Blue Flag Iris Cross for Sunday

Blue Flag Iris Cross-8775

Sometimes life gives you crosses to bear and sometimes beautiful crosses! But, I much prefer the latter. Whether a serendipitous gift of sultry breeze and humid clime or divine providence, this Blue Flag Iris found while hiking the boardwalk of Florida’s amazing Corkscrew Swamp Sanctuary is draped so perfectly into the shape of a lovely wild cross. I found it soothing somehow to see it there with its hues of purple and blue against the green ferns and vines of the wilderness. Something organized and recognizable presenting itself out of natural wild chaos.

Blue flag, Iris versicolor, is an emersed plant which grows from underground rhizomes and is found in swamps, marsh environments or along ponds or even ditches here in South Florida. I see them at my favourite places such as Corkscrew Swamp and the Wakodahatchee Wetlands in South Florida. Seven iris species are found in Florida but the Blue Flag is the only large iris which grows wild here. It is a most distinctive plant with petals which can range in color from a pale blue to deep purple. They are unmistakable when you see their colors standing out from a field of green and no photographer can resist framing one in their viewfinder. Always amazing and beautiful. I took just two pictures of this particular bloom, one horizontally oriented and one vertically…so I give you both here along with a close crop for better viewing. The last two images from Wakodahatchee and Corkscrew respectively and look more like you see them in the field than the wonderful drape of my Blue Iris Cross.

Blue Flag Iris Cross-8775


The greens and browns of the wetlands are sometimes punctuated by the pretty purple swamp iris.

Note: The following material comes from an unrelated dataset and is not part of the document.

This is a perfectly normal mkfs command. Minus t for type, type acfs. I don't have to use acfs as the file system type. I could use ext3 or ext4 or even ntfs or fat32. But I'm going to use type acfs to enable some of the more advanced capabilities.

Blue Flag Iris at Corkscrew Swamp-8777

Perhaps we are given peace through nature’s beauty in many surprising ways!

jalovell signature-green overlay


~ by Judy on September 24, 2016.

11 Responses to “Blue Flag Iris Cross for Sunday”

  1. What beautiful photos, Judy. We have iris, too — although we don’t have this one. Ours looks much the same, though; it’s called the Southern blue flag, or Iris virginica. I just found out that ‘flag’ as a name for the flower comes from Middle English ‘flagge’: rush, or reed. That explains that!

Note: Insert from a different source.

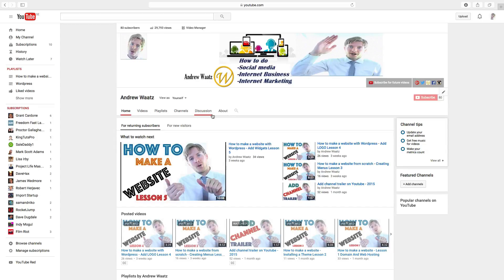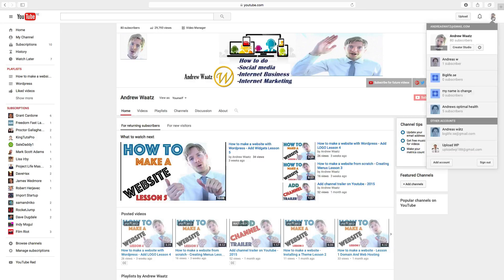just log in to your account, go to your image to the right corner, click on the image and go to creator studio.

    Despite the differences, this is a gorgeous plant, and it is a wonderful gift for Sunday. Is this from your archives, or is it a recent photo? I’m asking because ours bloom only in spring — but there’s no telling what goes on over there in Florida! What really surprised me is that last photo, with the great variety of other plants around the iris. Are those ferns I see?

    I think these wild plants are much more attractive than the hybrid, garden varieties. What I especially enjoy is just coming across them — exactly the point you made!

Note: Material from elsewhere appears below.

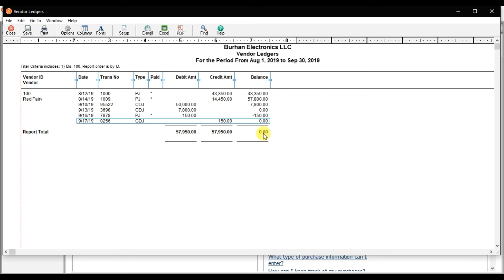So that is the scenario of how you will record a refund in Sage 50 and this is how you will check the reports.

    • Yes, your guess is correct! The image is one from March 4th of 2015 so an early Spring image really. I hadn’t forgotten I had it, just needed a reason to go back to it. Your information on ‘flag’ is great since I meant to look it up too. Fire flag or alligator flag is another aquatic plant I have photographed…a yummy treat for Purple Gallinules. And flag as rush or reed makes perfect sense.

      The last image with all the ferns and vines with the Blue Flag Iris does indeed have at least three types of ferns in it. While I did not look them up yet ( and I should know them…my bad) there is a frond of a leather fern laying in the scene.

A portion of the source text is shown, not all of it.